[clug] Q: Linux process accounting?
Alex Satrapa
grail at goldweb.com.au
Thu Sep 1 04:25:27 GMT 2005
On 1 Sep 2005, at 12:56, Martin Pool wrote:
> Yes; Linux doesn't attribute IOs to processes. (there may be some
> patches which add this somewhere)
Do any of the OSS operating systems provide IO accounting? The
machine is a mail server after all, so monitoring IO (especially disk
I/O) is going to be essential to performance tuning.
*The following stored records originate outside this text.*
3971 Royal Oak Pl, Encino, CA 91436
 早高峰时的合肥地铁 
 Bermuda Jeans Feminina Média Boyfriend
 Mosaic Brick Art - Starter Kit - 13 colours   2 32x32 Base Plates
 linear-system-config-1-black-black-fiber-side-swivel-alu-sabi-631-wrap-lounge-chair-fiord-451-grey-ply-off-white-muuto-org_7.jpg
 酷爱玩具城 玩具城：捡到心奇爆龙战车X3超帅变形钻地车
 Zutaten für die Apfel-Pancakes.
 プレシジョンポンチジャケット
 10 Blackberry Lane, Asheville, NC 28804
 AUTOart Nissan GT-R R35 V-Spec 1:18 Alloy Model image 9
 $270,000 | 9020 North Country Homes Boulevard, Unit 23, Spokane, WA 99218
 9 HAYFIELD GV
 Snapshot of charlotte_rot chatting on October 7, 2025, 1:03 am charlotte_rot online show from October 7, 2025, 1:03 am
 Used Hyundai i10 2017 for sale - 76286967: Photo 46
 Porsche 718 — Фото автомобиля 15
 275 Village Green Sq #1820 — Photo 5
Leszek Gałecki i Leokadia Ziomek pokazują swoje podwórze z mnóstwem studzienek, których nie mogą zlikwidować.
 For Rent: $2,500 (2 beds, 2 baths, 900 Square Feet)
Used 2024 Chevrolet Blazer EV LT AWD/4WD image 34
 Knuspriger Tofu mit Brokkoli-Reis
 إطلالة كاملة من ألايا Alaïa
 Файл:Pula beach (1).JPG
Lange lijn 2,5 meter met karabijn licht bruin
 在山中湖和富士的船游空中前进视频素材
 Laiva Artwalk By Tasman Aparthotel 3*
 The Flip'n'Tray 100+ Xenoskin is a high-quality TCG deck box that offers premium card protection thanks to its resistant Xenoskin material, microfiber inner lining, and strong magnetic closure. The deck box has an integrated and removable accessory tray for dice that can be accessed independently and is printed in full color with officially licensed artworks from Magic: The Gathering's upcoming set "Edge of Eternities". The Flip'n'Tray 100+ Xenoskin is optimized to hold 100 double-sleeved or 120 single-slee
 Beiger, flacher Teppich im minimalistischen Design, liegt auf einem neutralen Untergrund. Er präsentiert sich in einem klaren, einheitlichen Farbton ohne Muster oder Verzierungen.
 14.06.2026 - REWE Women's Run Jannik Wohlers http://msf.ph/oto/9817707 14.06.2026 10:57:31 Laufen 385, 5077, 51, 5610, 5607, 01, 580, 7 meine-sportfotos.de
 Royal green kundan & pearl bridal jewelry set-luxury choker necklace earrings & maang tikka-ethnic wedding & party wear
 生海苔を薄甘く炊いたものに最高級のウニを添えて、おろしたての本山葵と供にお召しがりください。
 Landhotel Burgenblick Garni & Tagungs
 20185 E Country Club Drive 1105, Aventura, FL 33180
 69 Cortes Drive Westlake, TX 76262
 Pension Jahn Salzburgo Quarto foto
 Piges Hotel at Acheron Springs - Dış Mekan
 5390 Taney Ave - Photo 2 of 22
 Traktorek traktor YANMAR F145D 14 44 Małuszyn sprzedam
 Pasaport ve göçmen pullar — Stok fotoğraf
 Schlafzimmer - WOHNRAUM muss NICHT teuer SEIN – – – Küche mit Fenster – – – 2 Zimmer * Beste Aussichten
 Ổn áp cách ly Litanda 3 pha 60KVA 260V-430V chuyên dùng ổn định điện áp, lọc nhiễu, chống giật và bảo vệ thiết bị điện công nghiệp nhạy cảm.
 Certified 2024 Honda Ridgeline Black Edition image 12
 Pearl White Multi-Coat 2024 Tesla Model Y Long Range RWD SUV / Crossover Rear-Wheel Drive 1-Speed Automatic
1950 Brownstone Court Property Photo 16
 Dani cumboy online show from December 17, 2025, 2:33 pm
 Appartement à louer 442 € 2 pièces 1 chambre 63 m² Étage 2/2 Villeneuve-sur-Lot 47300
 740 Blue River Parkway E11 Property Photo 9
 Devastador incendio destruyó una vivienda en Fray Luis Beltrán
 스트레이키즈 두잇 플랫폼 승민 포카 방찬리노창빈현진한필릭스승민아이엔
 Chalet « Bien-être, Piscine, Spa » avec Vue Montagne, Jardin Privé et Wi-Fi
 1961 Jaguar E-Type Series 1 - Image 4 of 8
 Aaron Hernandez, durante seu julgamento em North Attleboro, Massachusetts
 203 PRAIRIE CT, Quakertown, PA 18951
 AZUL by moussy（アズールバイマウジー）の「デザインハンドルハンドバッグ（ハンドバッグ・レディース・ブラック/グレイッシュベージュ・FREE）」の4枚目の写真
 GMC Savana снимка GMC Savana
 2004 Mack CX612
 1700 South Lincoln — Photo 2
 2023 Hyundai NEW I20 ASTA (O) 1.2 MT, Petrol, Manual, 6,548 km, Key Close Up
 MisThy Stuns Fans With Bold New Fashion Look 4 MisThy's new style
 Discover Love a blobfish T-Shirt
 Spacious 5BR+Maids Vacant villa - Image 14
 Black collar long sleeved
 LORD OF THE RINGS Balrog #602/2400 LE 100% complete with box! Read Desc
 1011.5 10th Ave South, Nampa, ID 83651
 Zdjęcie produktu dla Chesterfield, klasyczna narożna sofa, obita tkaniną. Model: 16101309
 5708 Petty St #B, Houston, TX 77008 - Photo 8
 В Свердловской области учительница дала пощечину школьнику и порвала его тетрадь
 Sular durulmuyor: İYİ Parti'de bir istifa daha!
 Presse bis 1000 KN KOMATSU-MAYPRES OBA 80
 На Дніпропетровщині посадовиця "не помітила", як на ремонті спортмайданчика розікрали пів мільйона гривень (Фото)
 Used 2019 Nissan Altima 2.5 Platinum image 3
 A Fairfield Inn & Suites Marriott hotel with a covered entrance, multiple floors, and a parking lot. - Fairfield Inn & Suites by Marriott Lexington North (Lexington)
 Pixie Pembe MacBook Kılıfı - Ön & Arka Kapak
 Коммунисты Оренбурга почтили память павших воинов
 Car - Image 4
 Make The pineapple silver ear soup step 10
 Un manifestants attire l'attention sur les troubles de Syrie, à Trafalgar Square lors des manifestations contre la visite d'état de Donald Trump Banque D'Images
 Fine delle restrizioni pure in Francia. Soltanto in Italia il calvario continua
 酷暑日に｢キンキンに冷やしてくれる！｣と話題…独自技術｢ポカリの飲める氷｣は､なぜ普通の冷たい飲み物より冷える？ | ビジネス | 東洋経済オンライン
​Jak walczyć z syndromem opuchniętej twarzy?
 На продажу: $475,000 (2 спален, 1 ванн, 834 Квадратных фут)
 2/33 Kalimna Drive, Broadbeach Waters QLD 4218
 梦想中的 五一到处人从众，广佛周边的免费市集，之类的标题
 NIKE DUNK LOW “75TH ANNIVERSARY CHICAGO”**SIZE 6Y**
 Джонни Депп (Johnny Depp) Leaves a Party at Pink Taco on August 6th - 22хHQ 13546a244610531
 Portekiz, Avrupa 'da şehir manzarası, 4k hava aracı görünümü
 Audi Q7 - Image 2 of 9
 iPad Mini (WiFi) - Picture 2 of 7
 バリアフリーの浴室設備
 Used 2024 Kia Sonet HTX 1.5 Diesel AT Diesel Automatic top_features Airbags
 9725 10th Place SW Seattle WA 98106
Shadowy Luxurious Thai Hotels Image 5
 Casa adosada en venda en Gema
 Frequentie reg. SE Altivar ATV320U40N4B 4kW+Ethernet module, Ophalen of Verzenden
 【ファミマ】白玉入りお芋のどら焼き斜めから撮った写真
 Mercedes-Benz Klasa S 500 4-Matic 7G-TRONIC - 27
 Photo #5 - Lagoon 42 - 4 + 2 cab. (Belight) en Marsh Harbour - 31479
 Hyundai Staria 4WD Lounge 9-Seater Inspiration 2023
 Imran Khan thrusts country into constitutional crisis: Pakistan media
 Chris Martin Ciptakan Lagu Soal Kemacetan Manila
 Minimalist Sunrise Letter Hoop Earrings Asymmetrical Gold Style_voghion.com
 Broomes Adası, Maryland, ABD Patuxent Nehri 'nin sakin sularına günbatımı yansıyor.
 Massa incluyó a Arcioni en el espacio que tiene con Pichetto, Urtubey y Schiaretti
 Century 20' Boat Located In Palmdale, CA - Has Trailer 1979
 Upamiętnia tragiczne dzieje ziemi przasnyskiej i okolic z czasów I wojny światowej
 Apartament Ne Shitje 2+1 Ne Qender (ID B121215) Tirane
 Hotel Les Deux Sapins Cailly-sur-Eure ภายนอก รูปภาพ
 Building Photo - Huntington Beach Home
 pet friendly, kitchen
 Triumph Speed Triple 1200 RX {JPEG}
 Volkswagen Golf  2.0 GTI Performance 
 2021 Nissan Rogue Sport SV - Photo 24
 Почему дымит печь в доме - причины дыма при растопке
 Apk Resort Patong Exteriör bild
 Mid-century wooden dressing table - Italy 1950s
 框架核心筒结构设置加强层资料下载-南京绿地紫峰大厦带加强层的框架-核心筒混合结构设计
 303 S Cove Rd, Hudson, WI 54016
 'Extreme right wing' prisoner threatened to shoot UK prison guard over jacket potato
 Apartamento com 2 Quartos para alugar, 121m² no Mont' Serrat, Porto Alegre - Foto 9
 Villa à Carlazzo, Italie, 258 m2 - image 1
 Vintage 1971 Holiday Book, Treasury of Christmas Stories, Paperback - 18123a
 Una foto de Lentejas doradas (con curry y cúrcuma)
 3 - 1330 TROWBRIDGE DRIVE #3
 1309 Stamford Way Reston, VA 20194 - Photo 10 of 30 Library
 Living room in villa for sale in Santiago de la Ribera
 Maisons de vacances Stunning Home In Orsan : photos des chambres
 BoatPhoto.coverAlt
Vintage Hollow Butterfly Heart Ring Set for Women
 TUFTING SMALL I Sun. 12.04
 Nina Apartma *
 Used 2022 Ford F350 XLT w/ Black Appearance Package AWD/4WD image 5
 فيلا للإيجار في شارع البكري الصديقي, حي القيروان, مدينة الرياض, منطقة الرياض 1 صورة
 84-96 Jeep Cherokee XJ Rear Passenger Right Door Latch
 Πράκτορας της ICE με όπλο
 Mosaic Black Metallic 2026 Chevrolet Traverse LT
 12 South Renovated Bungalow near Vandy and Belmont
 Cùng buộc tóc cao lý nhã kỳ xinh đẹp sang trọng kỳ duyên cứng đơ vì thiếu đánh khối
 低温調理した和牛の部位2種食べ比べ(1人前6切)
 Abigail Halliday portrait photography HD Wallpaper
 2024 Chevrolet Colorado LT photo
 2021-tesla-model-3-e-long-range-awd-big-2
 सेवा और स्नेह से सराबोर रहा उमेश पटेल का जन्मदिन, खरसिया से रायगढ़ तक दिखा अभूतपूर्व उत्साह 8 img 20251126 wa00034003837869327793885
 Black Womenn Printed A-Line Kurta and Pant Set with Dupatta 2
I've heard/read
that some people find Free/OpenBSD idea for mail or database servers
due to their handling of disk I/O - does this sound right?
The two metrics I can imagine would be important are the total number
of calls to disk I/O, and the wait times between request and response
(eg: longer wait times would indicate busier disk, meaning time to
upgrade to RAID, get a caching controller, etc, while extreme wait
times mean the disk is breaking/broken).
Other things I'd like to be able to do are "nice" a process in terms
of disk I/O rather than CPU utilisation (ie: "updatedb" and all its
children go to the very bottom of the disk I/O queue, while "syslog"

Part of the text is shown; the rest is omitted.